The task:
All that is wanted is the line with "Toyota Yaris Yaris" and each line after it to the end of the data below, set down exactly and without pictures.

Recorded data:
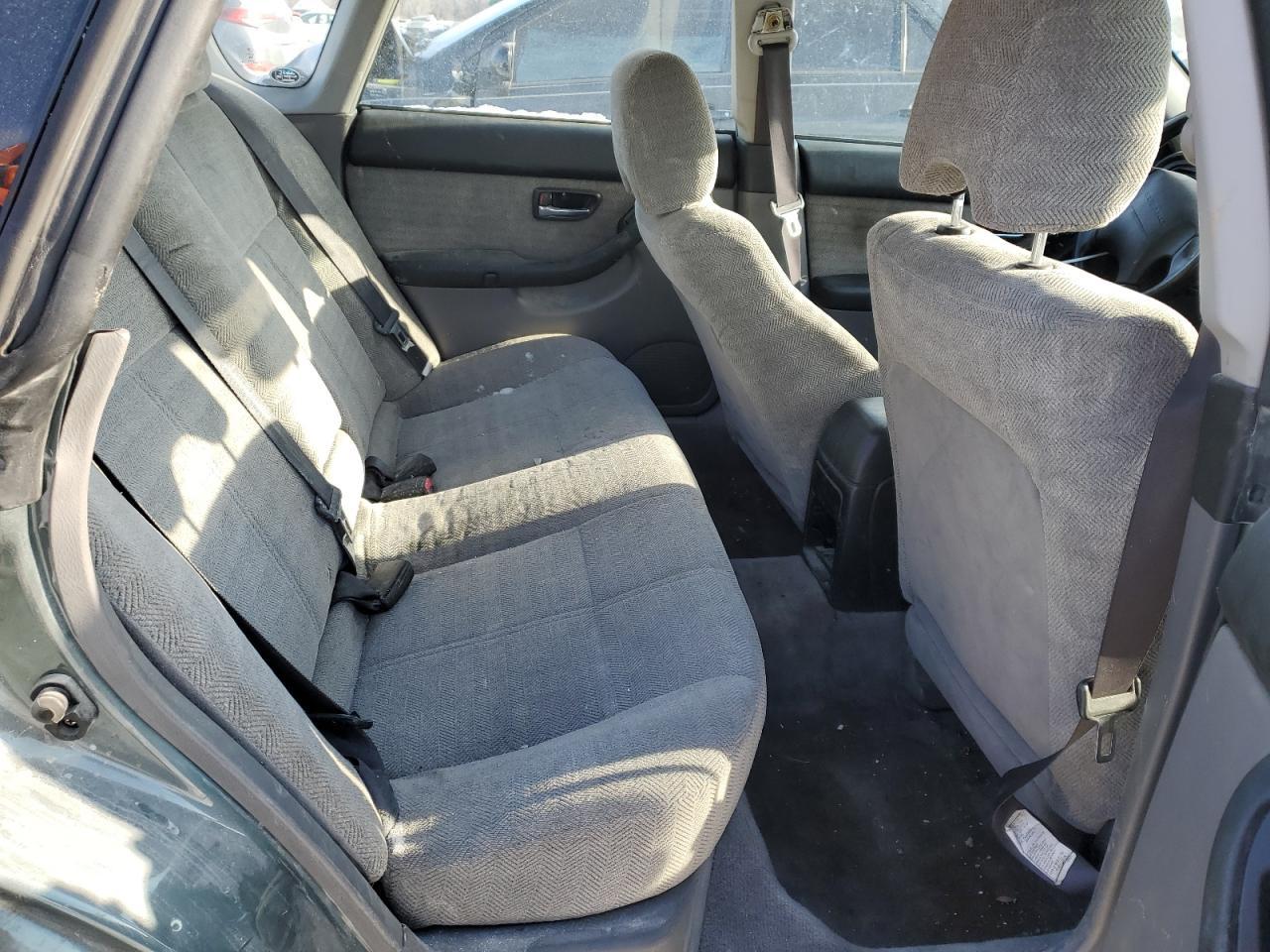 2002 SUBARU Legacy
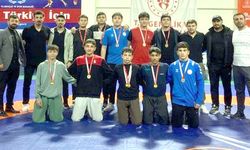 Çorum Belediyespor güreşçilerinden beş vize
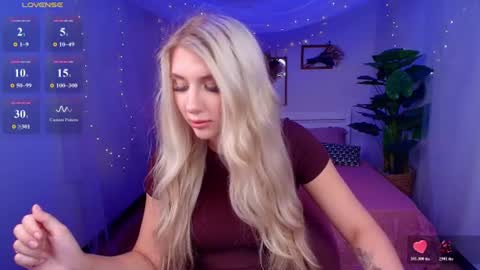 Snapshot of evacadooo chatting on July 2026 03:02:02 AM Eva online show from July 2026 03:02:02 AM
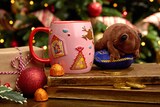 ジンジャーブレッド・クリスマス」より、ハニーデュークス マグカップ 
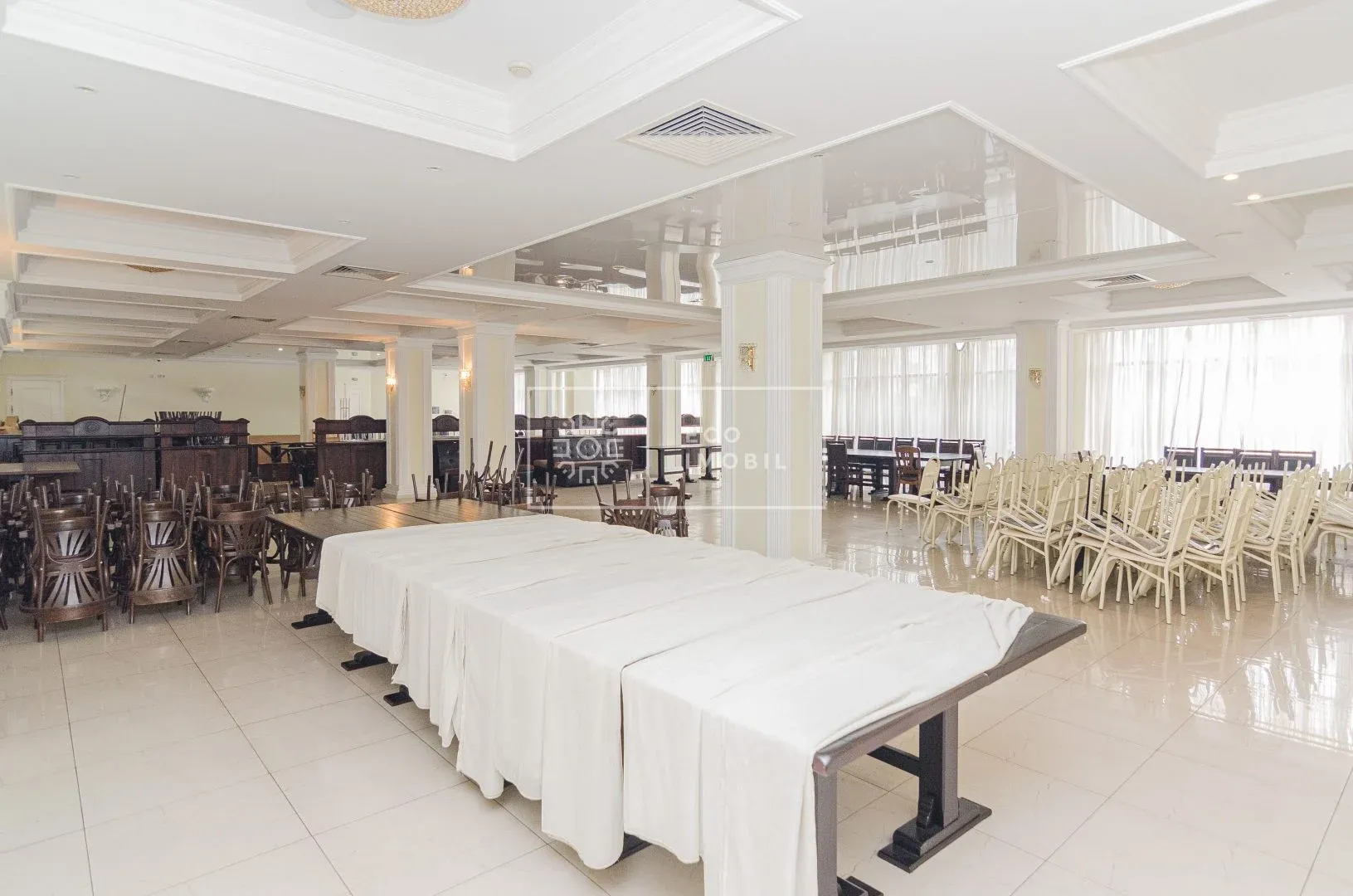 1-camere birou, 320 m² — Imagine 2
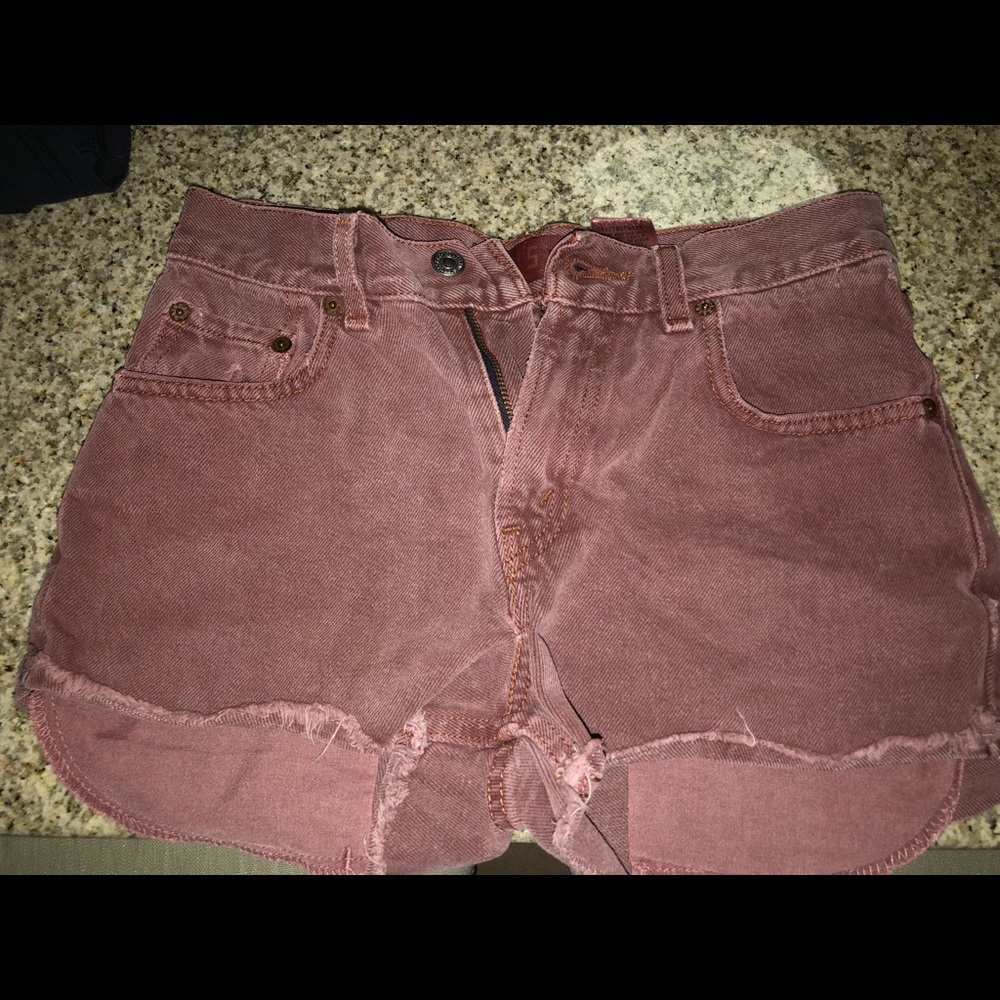 Maroon levi
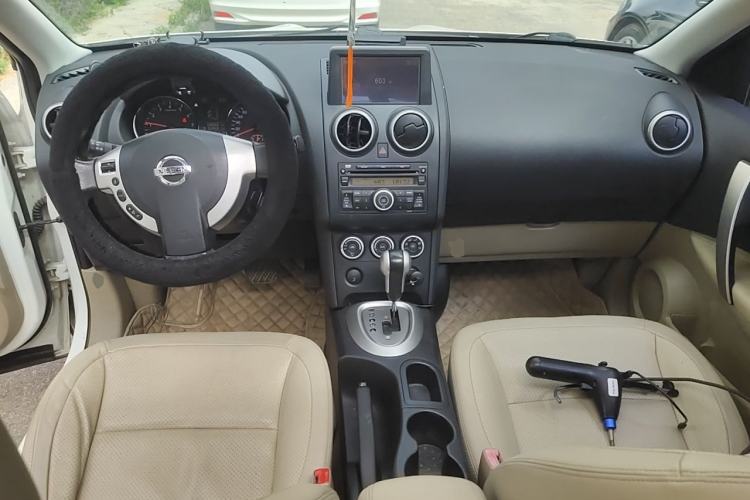 Used Nissan Qashqai 2011 2.0 XV Lea CVT 2WD Center Console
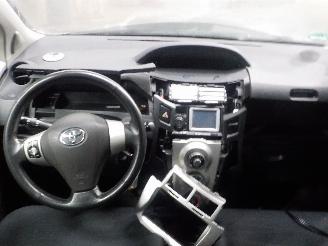 Toyota Yaris Yaris II (P9) Hatchback 1.3 16V VVT-i (2SZFE) [64kW]  (08-2005/11-2010=
) picture 5
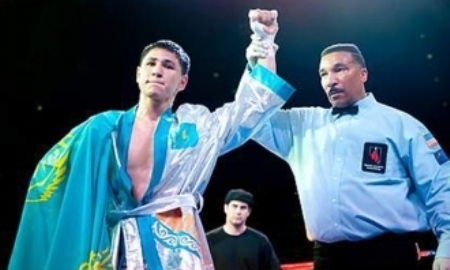 Жанхож Тураров (слева) продолжает одерживать победы одну за другой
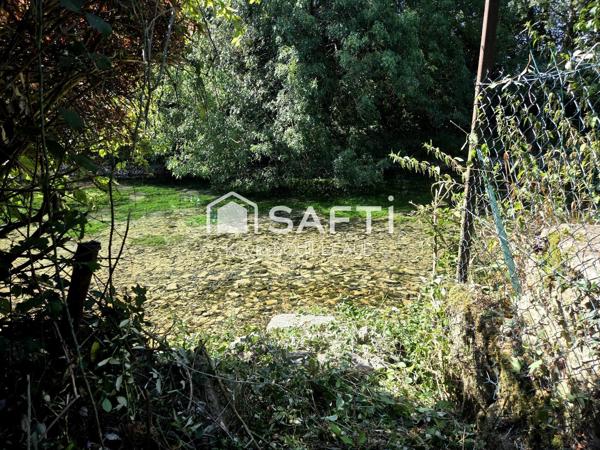 Petit prix, grand potentiel : maison avec rivière !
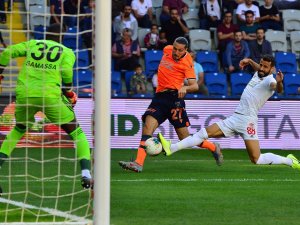 Süper Lig: Medipol Başakşehir: 0 - Dg Sivasspor: 0 (Maç Devam Ediyor)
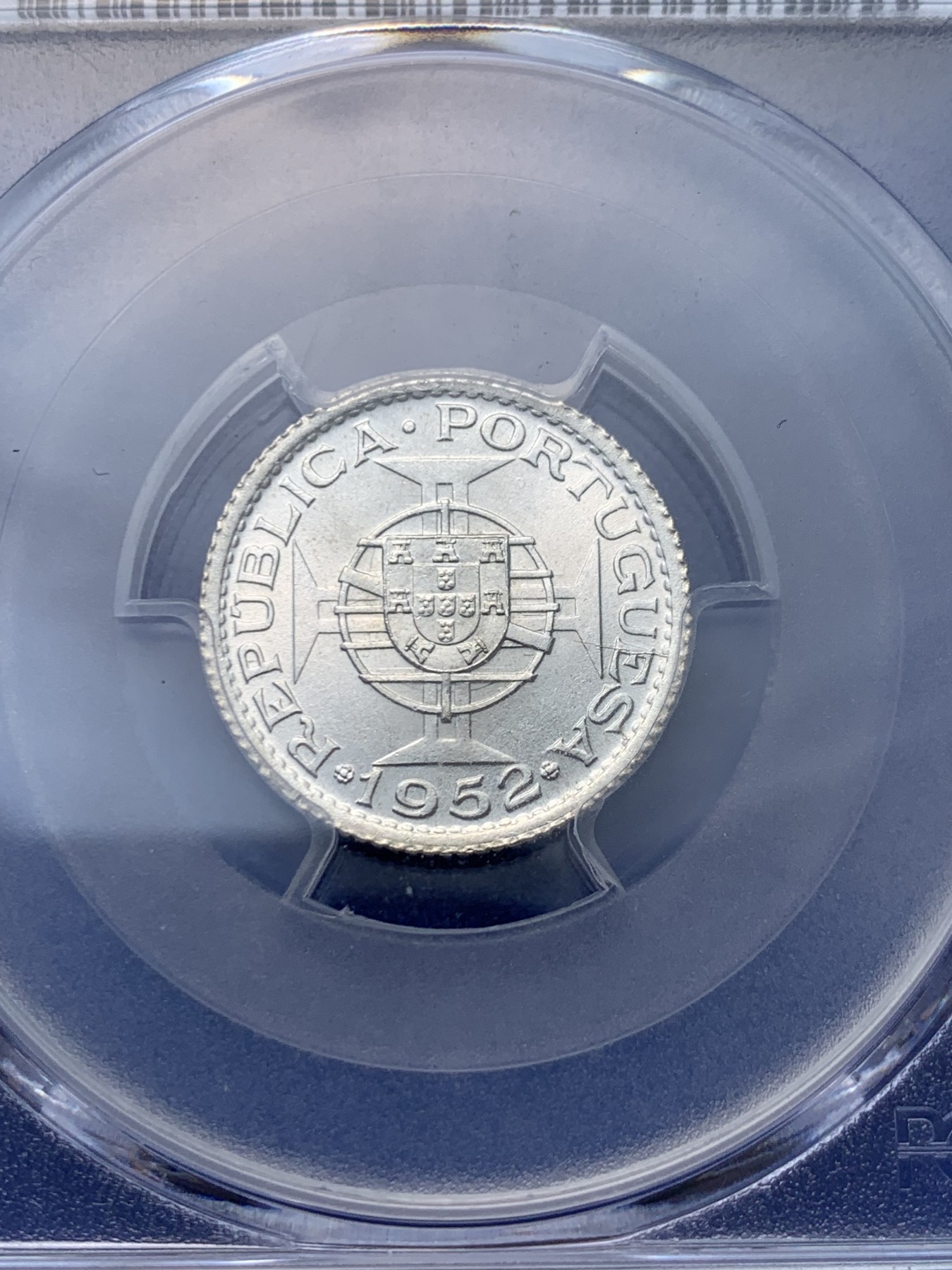 《竞宝斋》圣诞专辑  第一场  第227场 定制纪念章相赠 (全场顺丰包邮) PCGS MS67 澳门1952年1元 冠军分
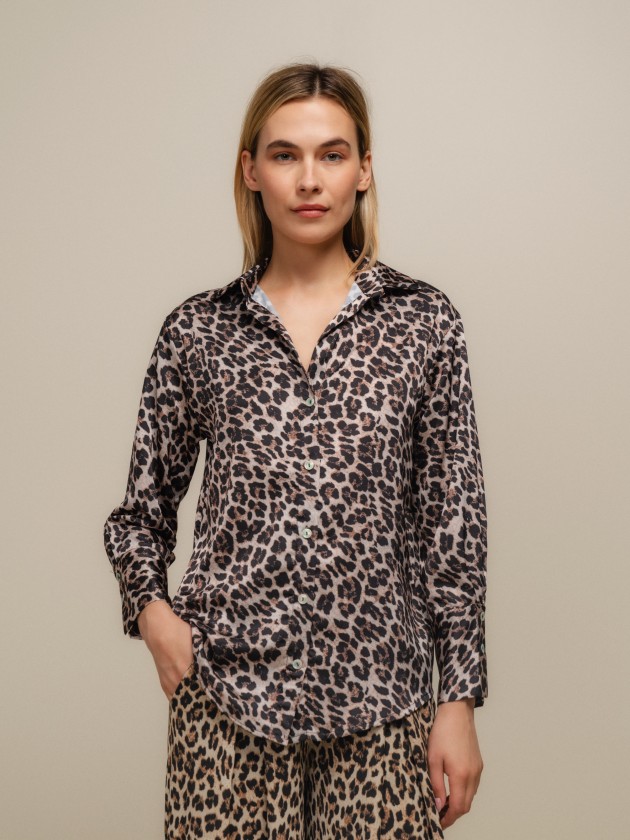 Animal print fluid shirt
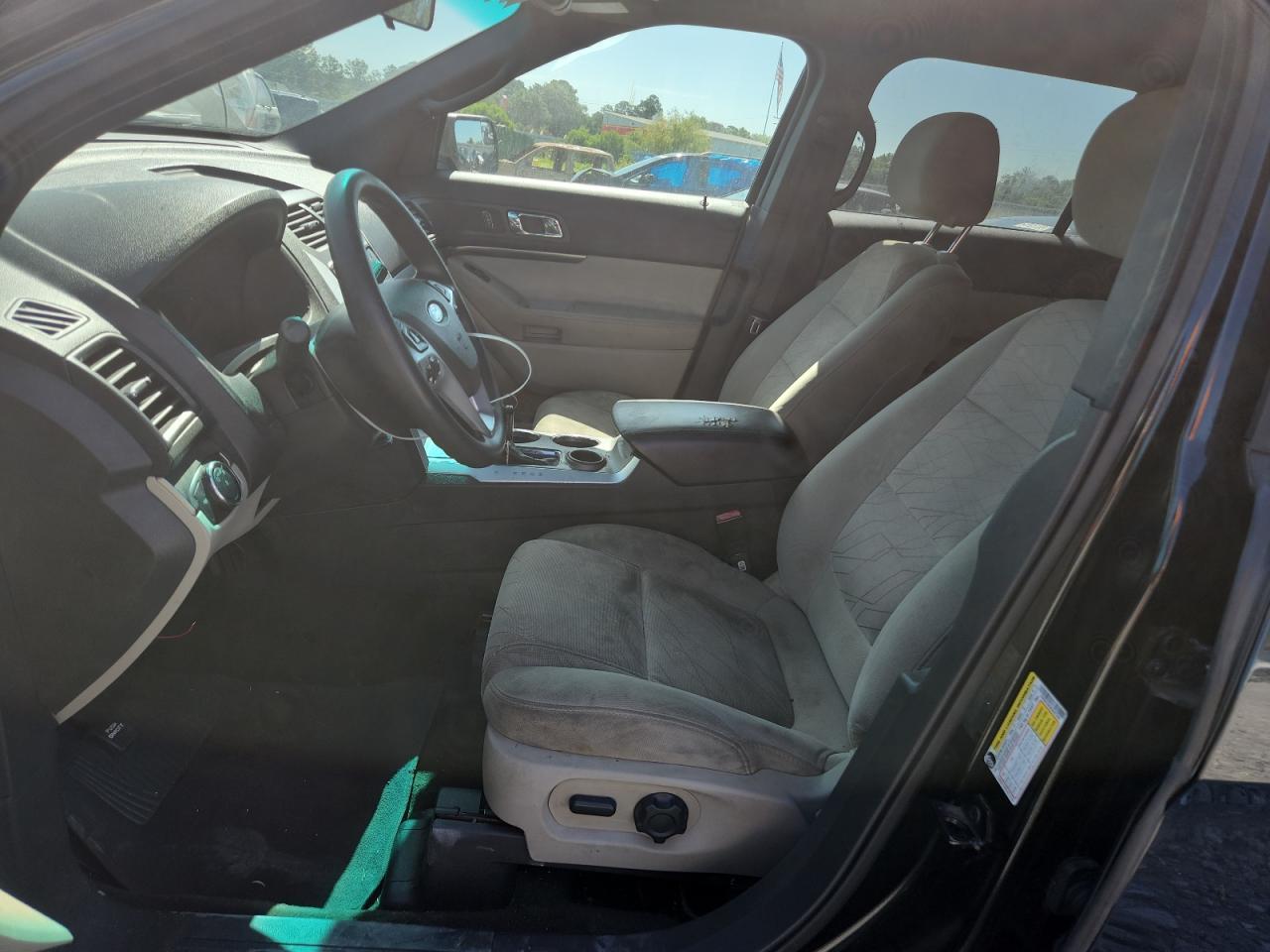 2014 Ford Explorer - Image 7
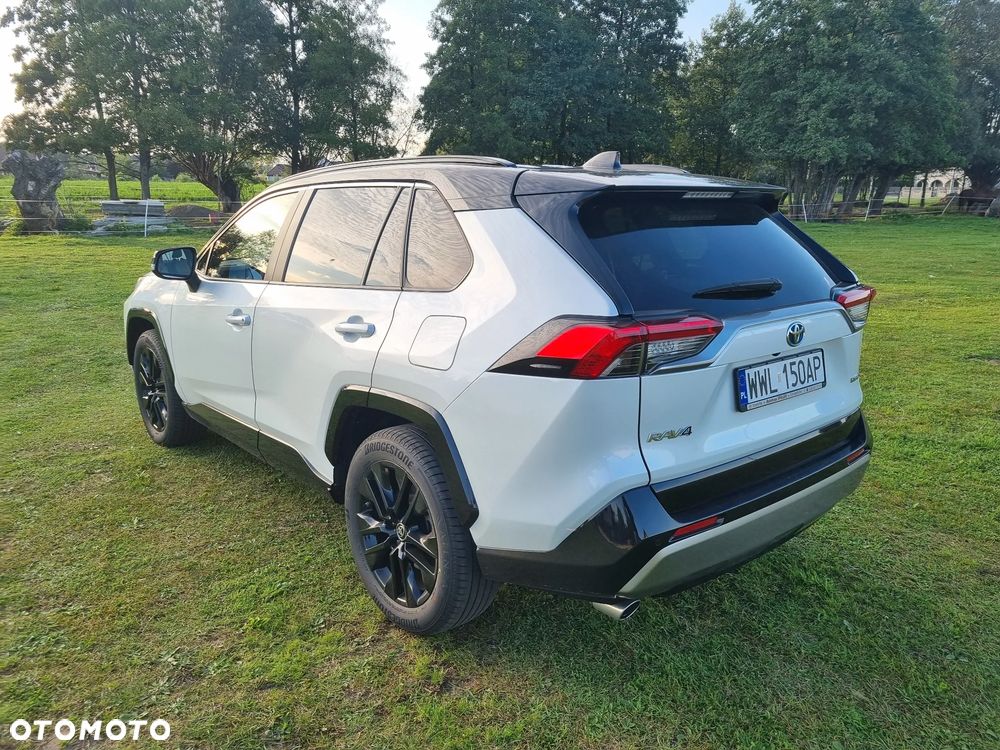 Toyota Rav4 2023 photo 3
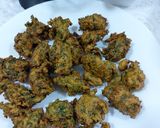 A picture of step 3 of Potato and onion and spinach pakora.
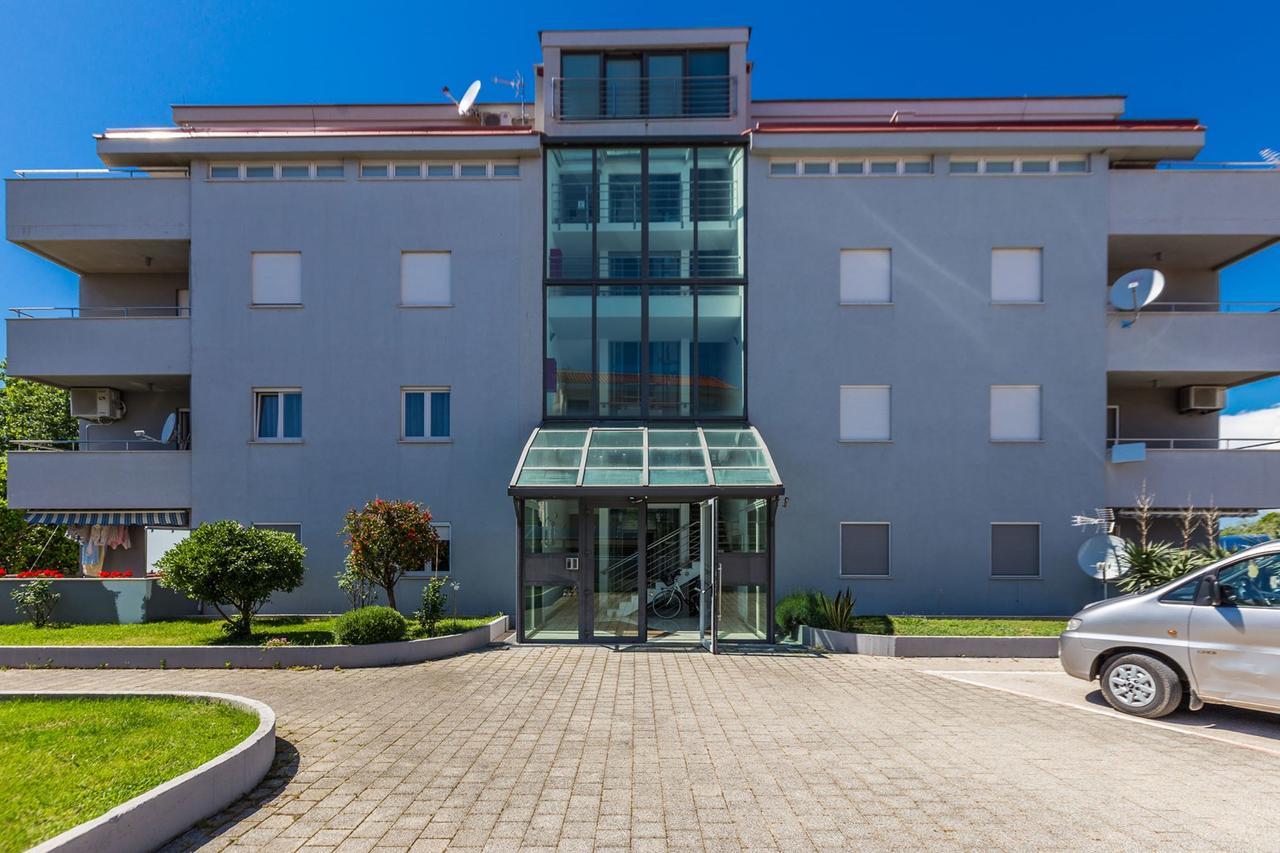 Adriano 2br With Terrace * Zadar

Reply:
 Toyota Yaris Yaris II (P9) Hatchback 1.3 16V VVT-i (2SZFE) [64kW]  (08-2005/11-2010=
) picture 5
 Жанхож Тураров (слева) продолжает одерживать победы одну за другой
 Petit prix, grand potentiel : maison avec rivière !
 Süper Lig: Medipol Başakşehir: 0 - Dg Sivasspor: 0 (Maç Devam Ediyor)
 《竞宝斋》圣诞专辑  第一场  第227场 定制纪念章相赠 (全场顺丰包邮) PCGS MS67 澳门1952年1元 冠军分
 Animal print fluid shirt
 2014 Ford Explorer - Image 7
 Toyota Rav4 2023 photo 3
 A picture of step 3 of Potato and onion and spinach pakora.
 Adriano 2br With Terrace * Zadar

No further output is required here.